[Start of section]
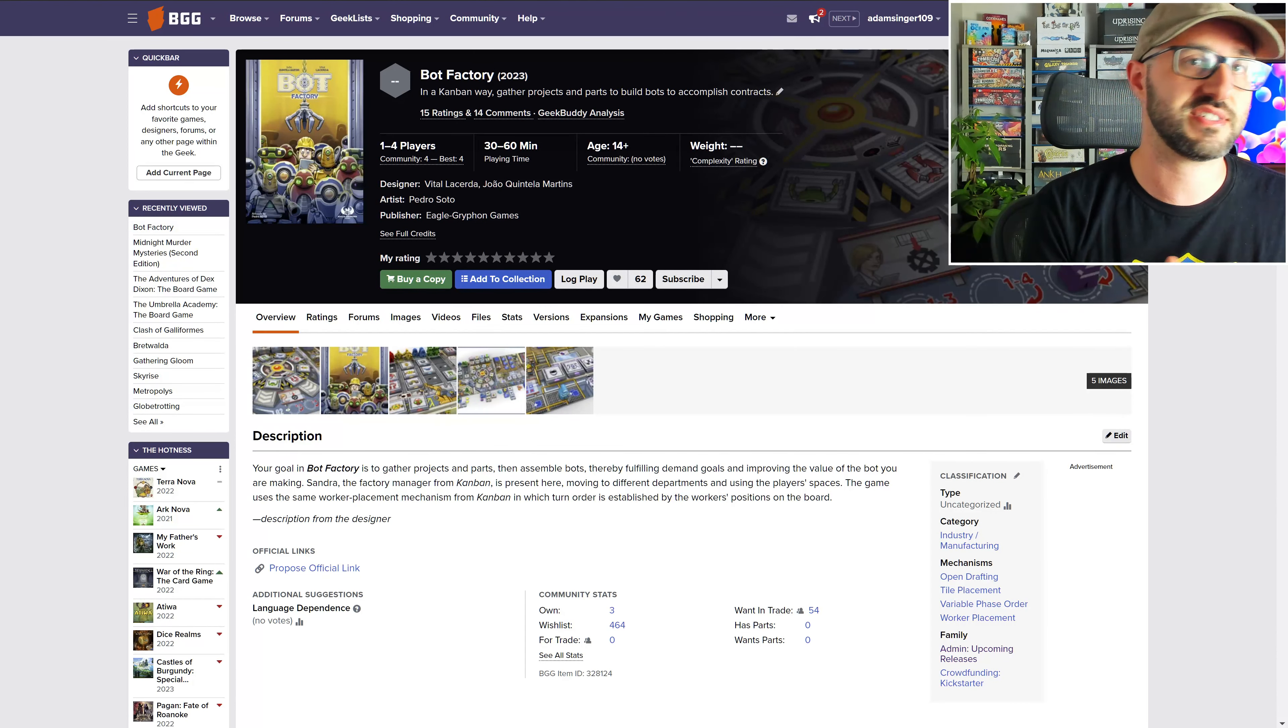There's going to be a non-player controlled factory manager that's going to be moving around the different departments on the board, evaluating each of the players' performance in those areas. Players will gain or lose points depending on their performance there, so you may want to get to those action spaces at particular moments in the game.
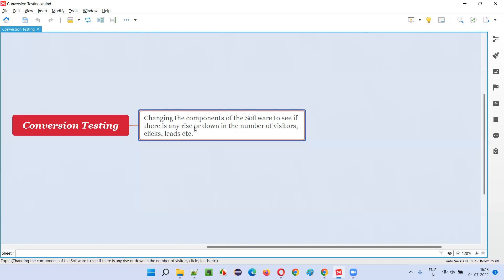Now what's happening? After changing the components of the software — the design, look and feel, everything — and releasing it into the market as an experimentation, the visitor count may go up if people like the new design, or may go down. Let's assume a positive case: instead of 500 users, the site started getting 1,000 visitors every day. Out of those 1,000 visitors, let's say 300 people are clicking on the ads and daily 10 people are purchasing the course from the website.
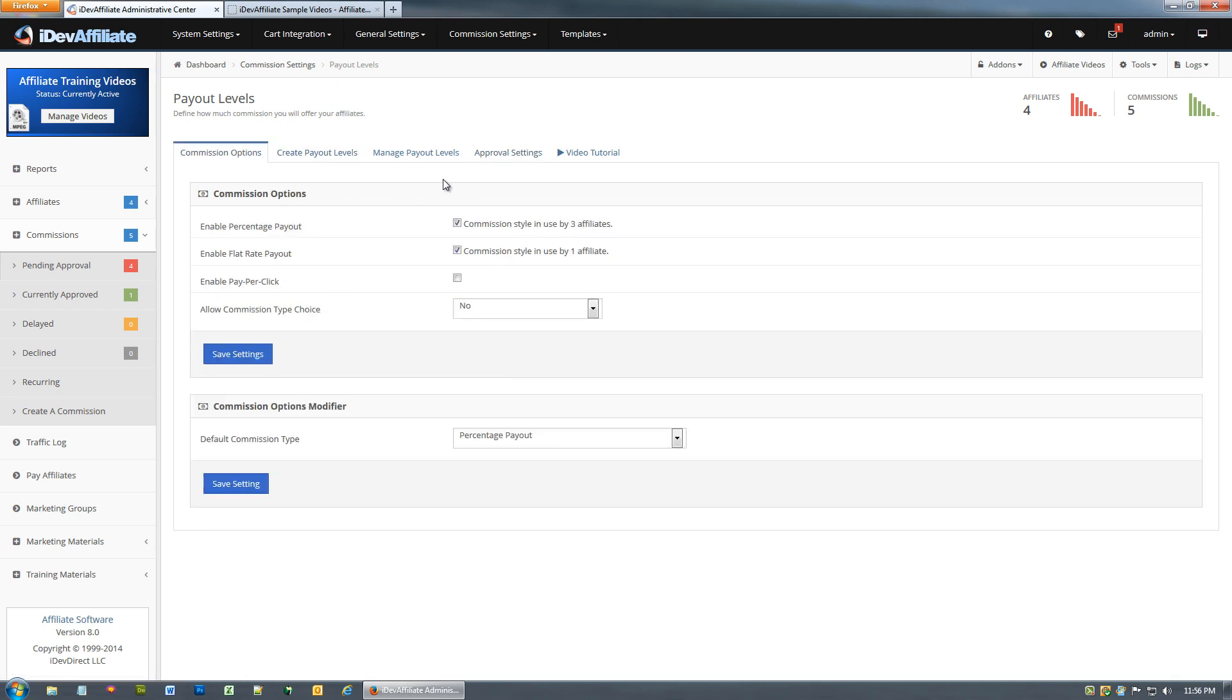There you go, that's your approval settings for your different payout methods. That's your payout levels. This is how you define how much your affiliates are going to be paid.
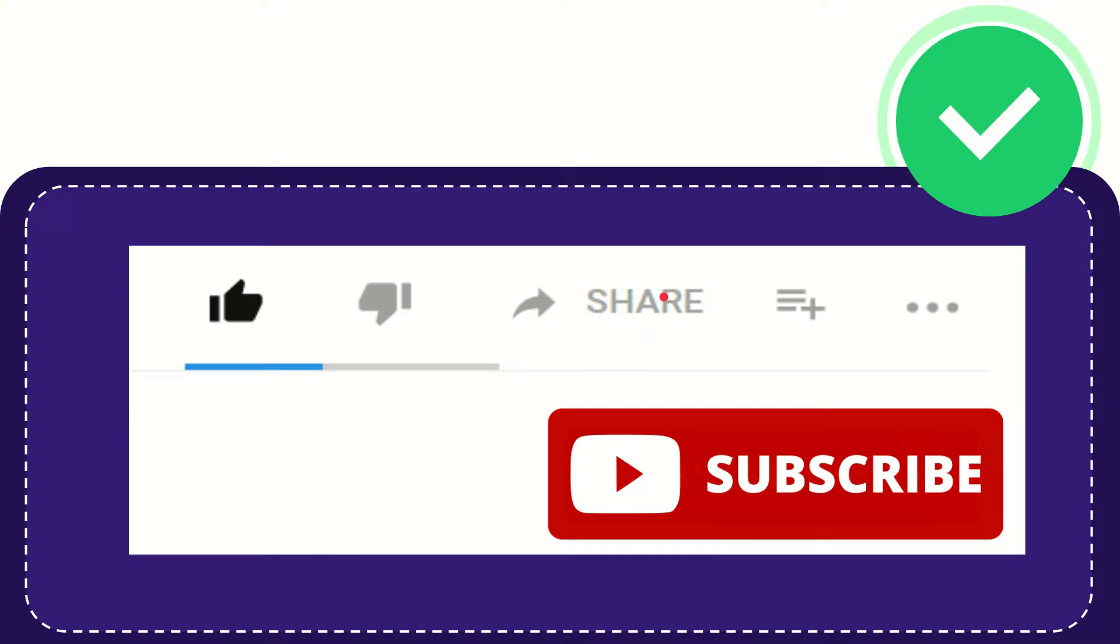I think that's all of it. Thank you so much for watching this video and see you again in another video. Bye-bye. See you again.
[End of section]
• **AIM OF THE TASK**:
Return every line above verbatim, pictures excluded.

• **THE ANSWER**:
There's going to be a non-player controlled factory manager that's going to be moving around the different departments on the board, evaluating each of the players' performance in those areas. Players will gain or lose points depending on their performance there, so you may want to get to those action spaces at particular moments in the game.
Now what's happening? After changing the components of the software — the design, look and feel, everything — and releasing it into the market as an experimentation, the visitor count may go up if people like the new design, or may go down. Let's assume a positive case: instead of 500 users, the site started getting 1,000 visitors every day. Out of those 1,000 visitors, let's say 300 people are clicking on the ads and daily 10 people are purchasing the course from the website.
There you go, that's your approval settings for your different payout methods. That's your payout levels. This is how you define how much your affiliates are going to be paid.
I think that's all of it. Thank you so much for watching this video and see you again in another video. Bye-bye. See you again.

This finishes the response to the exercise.